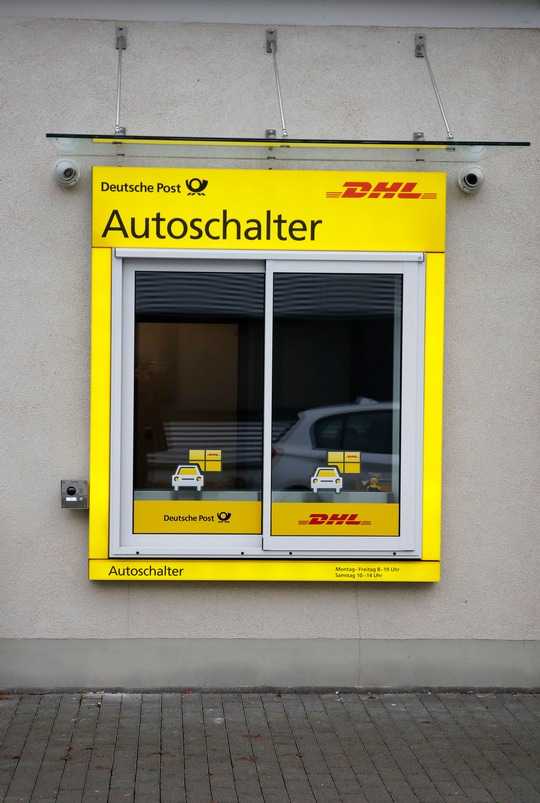 Bequemer geht es nicht: Pakete empfangen und versenden ohne aus dem Auto aussteigen zu müssen. Die Deutsche Post testet den bundesweit ersten Autoschalter in Bad Kreuznach. Als einer der ersten Kunden nahm Gregor Lind sein Paket direkt im Auto in Empfang. Rechts im Bild: Andreas Paulus, Filialpartner der Deutschen Post in Bad Kreuznach. (Fotohinweis: Deutsche Post DHL)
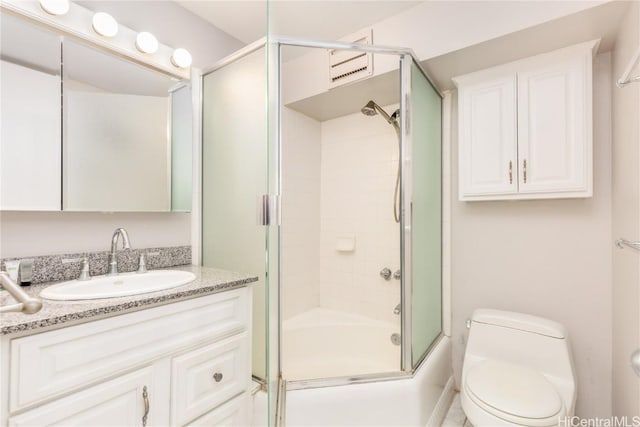 full bathroom featuring combined bath / shower with glass door, toilet, and vanity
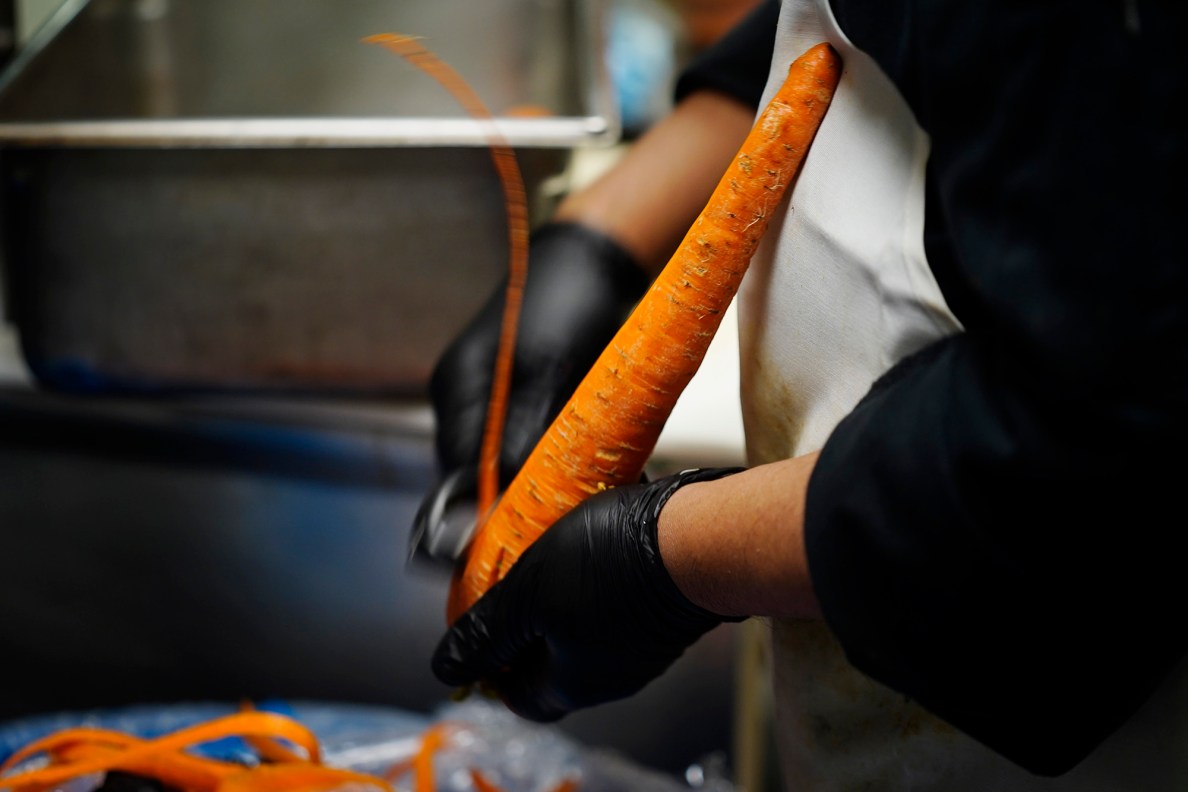 Hilton Hawaiian Village kitchen cook peels carrots Tuesday, Nov. 25, 2025, in Honolulu. (Kevin Fujii/Civil Beat/2025)
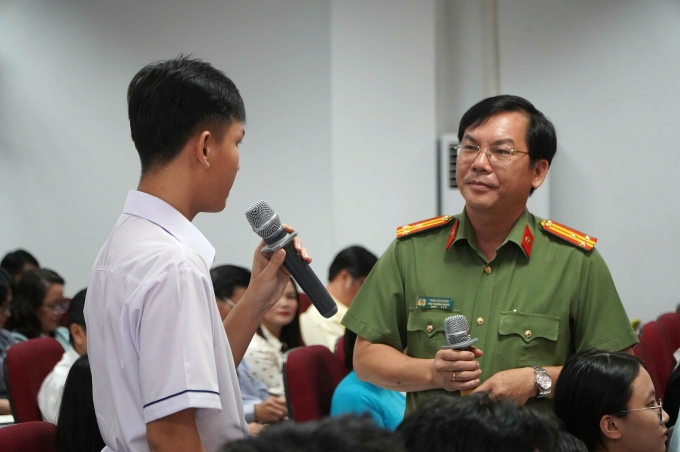Thượng tá Trần Văn Đông, Phó Phòng An ninh Chính trị Nội bộ (PA03), Công an TP HCM, trao đổi với học sinh tại hội thảo, sáng 18/9. Ảnh: Thanh Phúc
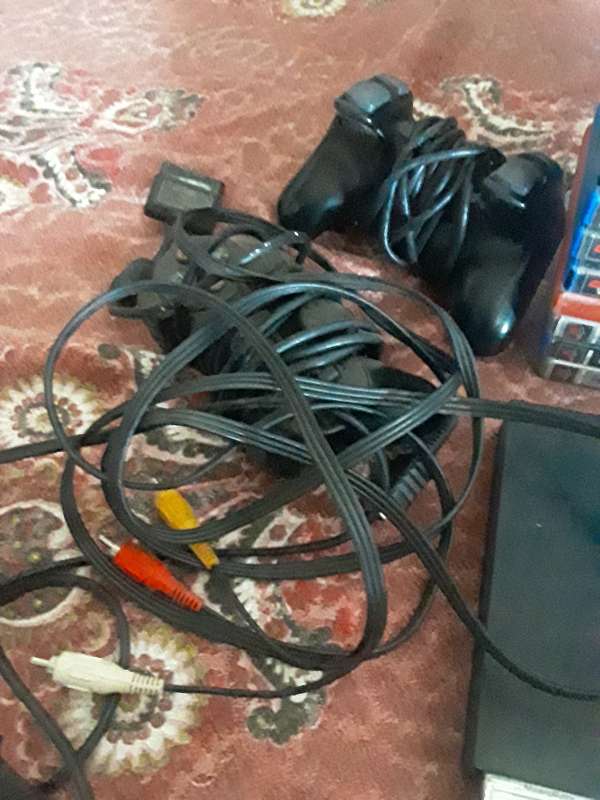 Playstation 2 bundle auction + Huge Collection of games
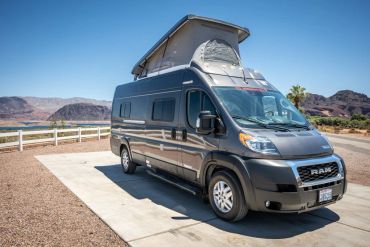Black camper van with raised roof parked outdoors.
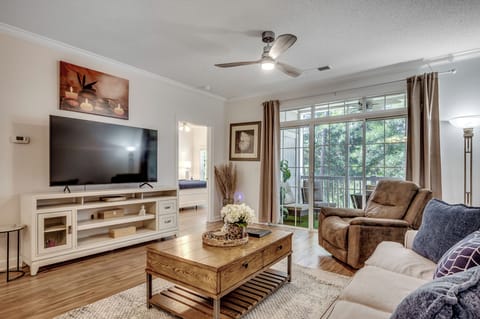 Open living room awaits with comfortable seating, modern entertainment center and sliding doors that open to your private balcony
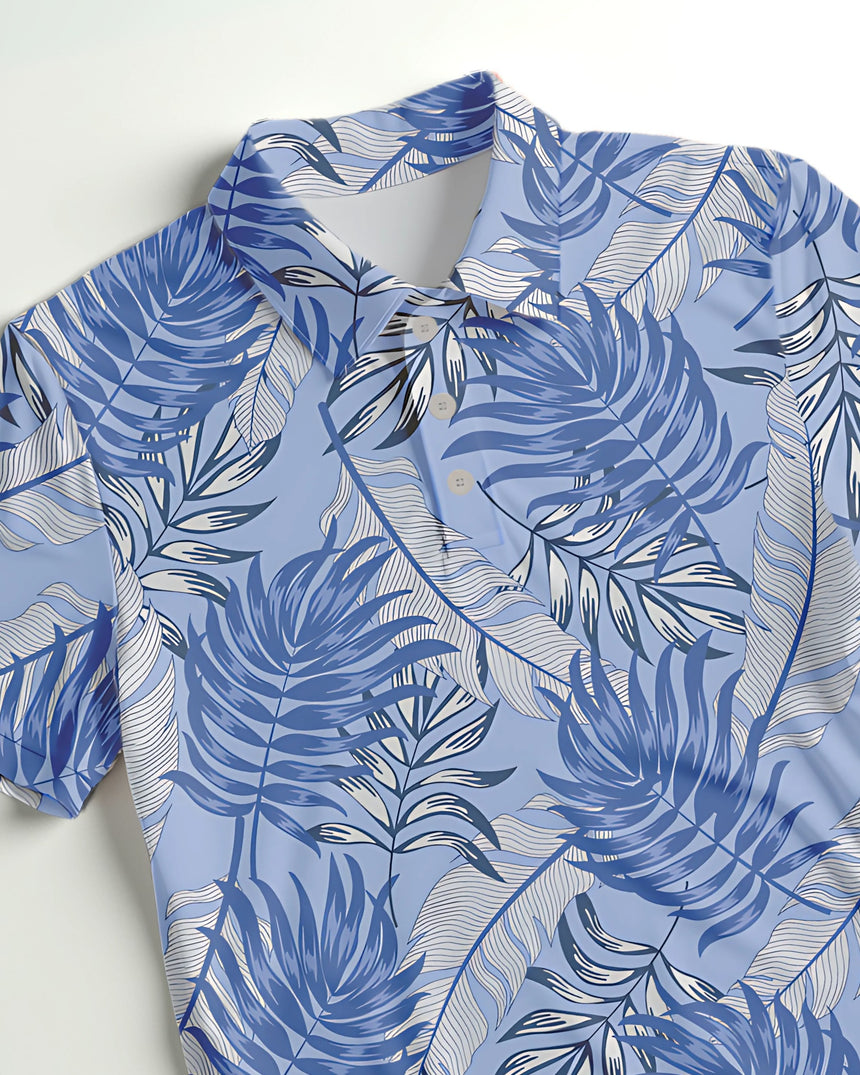 Close up of a blue tropical leaf-patterned golf polo shirt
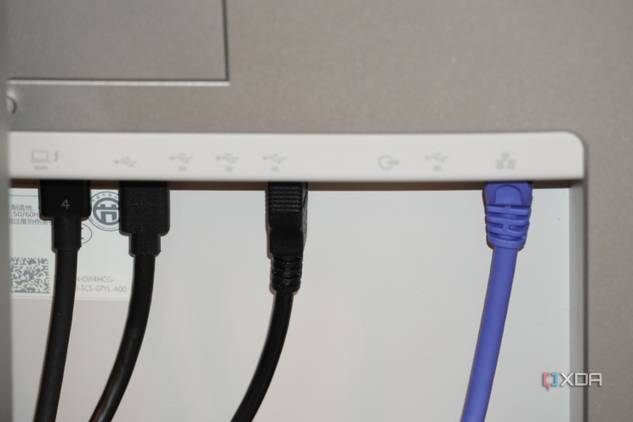 Ethernet and USB cables coming out of the back of a Dell UltraSharp monitor.
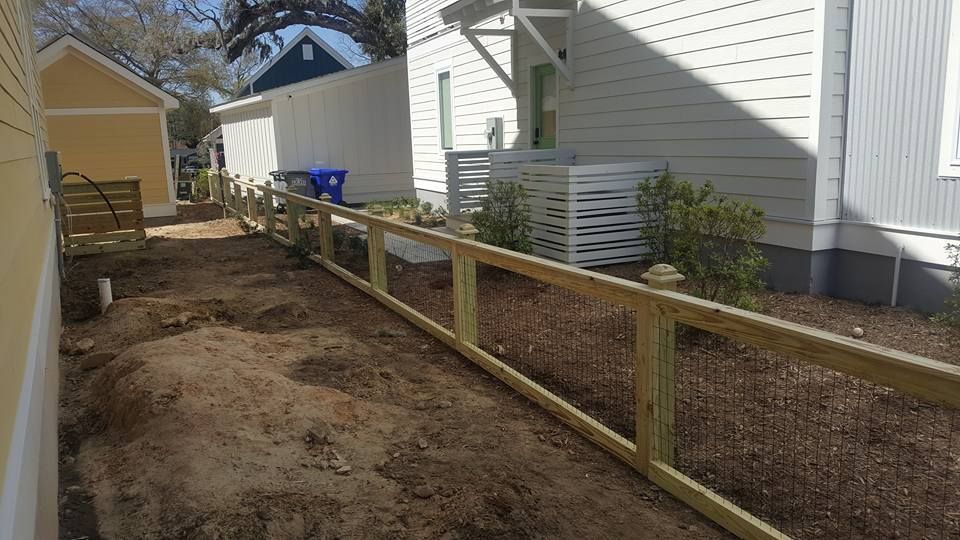 A wooden fence is being built in front of a house.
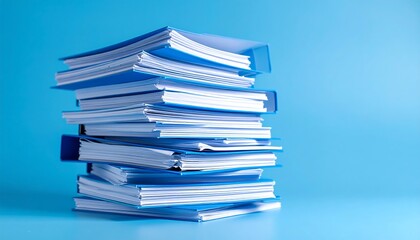 Stack of blue file folders with papers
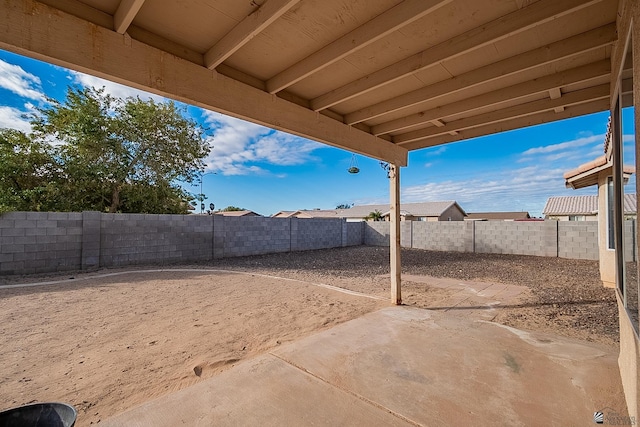 view of yard with a fenced backyard and a patio area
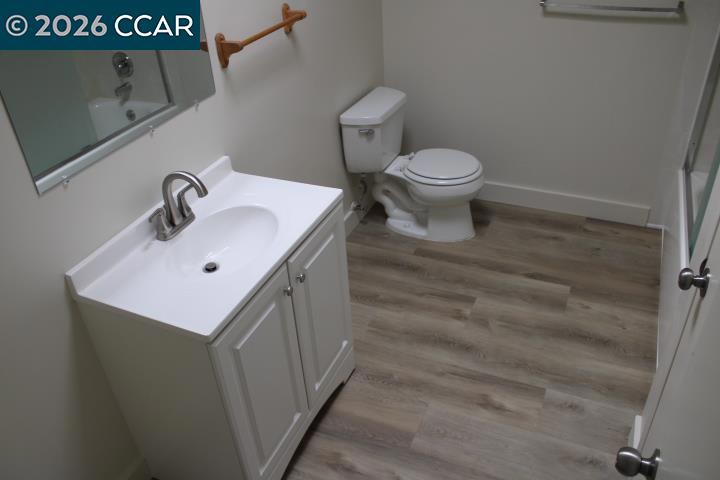 615 Lexington Avenue El Cerrito, CA 94530 - Photo 13 of 19 a bathroom with a sink and a toilet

» **Work instructions**: Restate, exactly as they appear, the line with "Close up of" and all the lines after it up to the end of the data above; images do not belong in the copy.

» **Response to this task**:
 Close up of a blue tropical leaf-patterned golf polo shirt
 Ethernet and USB cables coming out of the back of a Dell UltraSharp monitor.
 A wooden fence is being built in front of a house.
 Stack of blue file folders with papers
 view of yard with a fenced backyard and a patio area
 615 Lexington Avenue El Cerrito, CA 94530 - Photo 13 of 19 a bathroom with a sink and a toilet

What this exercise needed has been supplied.